Она уселась по-турецки мне на ноги и, не успел я ее остановить, наклонилась и снова поцеловала, руками сжимая мне виски. Сил отбиваться у меня почти не осталось, но мне все же удалось схватить ее за плечи и отодвинуть.

– Возвращайся-ка ты в постель.

– Ты считаешь, я некрасивая?

– Ты роскошная.

Она близко вглядывалась мне в лицо, сильно щурясь, будто перед ней глобус и она никогда прежде толком не рассматривала эти широты – океан с архипелагом безымянных островов.

– Тогда что не так?

– Насколько мне известно, Вудворд и Бернстайн так далеко не заходили. Я бы предпочел, чтобы мы тоже.

– Это ты так шутишь?

– У тебя вся жизнь впереди. Ты молодая, а я… старый велосипед.

Понятия не имею, откуда выпрыгнула эта прискорбная метафора – может, из полусна, – но внезапно мне явилось крайне неприятное видение: я сам в виде ржавого десятискоростного велика на свалке, переднего колеса нет, а из сиденья клочьями торчит набивка.

– И вовсе нет. Ты чудесный.

– Это ты чудесная.

– Ну вот. Если два человека друг про друга думают, что они чудесные, значит они должны быть вместе сию секунду и перестать думать.

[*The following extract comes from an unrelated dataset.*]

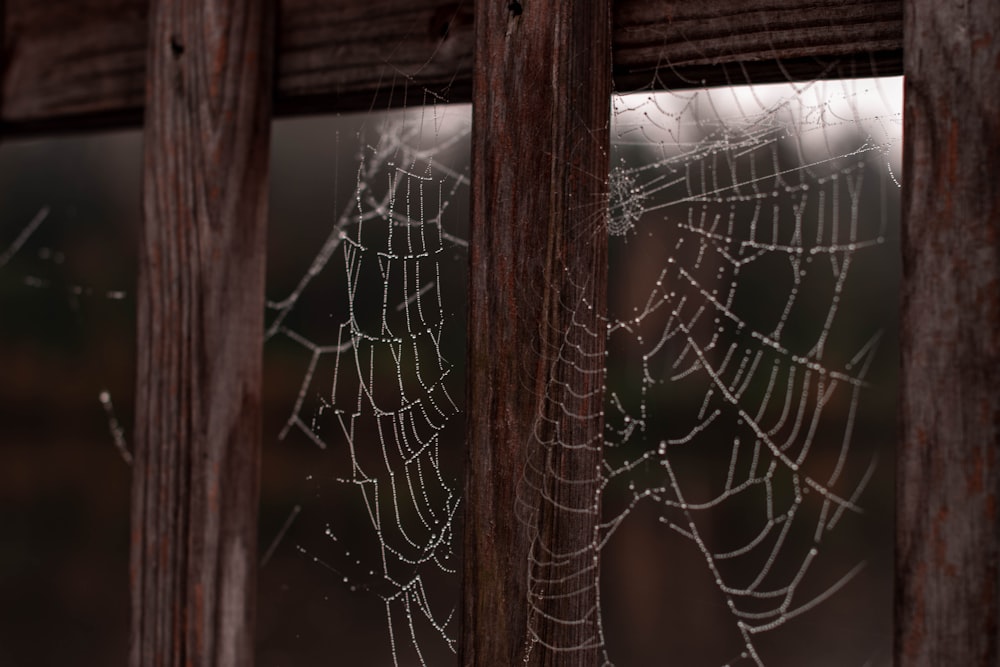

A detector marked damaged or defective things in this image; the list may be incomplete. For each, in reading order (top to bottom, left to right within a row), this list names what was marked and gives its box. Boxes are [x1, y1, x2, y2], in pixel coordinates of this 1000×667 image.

broken web strands [270, 107, 472, 664]
broken web strands [596, 77, 904, 664]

И она бодро улеглась рядом, будто мы ютились в узкой туристической палатке. На ощупь она была костлявая и легкая, а когда перекатилась на меня, волосы ее, благоухающие мылом, занавесили мне лицо – я словно очутился под водопадом.

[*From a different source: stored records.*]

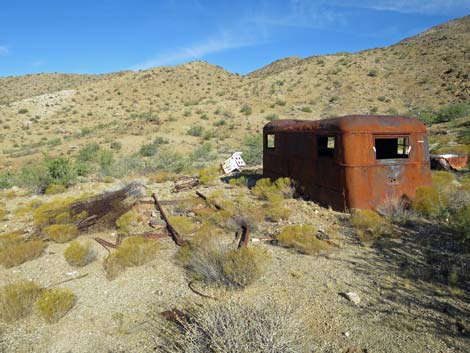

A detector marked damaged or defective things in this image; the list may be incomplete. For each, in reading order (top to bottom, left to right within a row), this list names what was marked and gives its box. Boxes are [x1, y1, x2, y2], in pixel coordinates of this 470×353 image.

broken window frame [318, 134, 336, 157]
abandoned truck body [262, 114, 432, 210]
rusted vehicle cab [262, 115, 432, 210]
rusty metal sheet [262, 115, 432, 210]
broken window frame [374, 135, 412, 160]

– Нора. Умоляю тебя. Иди в постель. – Я ее отпихнул, на этот раз посильнее. – Я тебя тоже люблю, – продолжал я, – сама же понимаешь. Но я тебя люблю не так.

Я и сам сознавал, как грубо сляпаны эти слова, – я вдруг снова стал пацаном в школьном коридоре, стою у шкафчика, вот-вот надо идти на математику. Однако так уж оно временами случалось – язык, когда он взаправду нужен, глиной крошился во рту. И тогда говорилось все настоящее.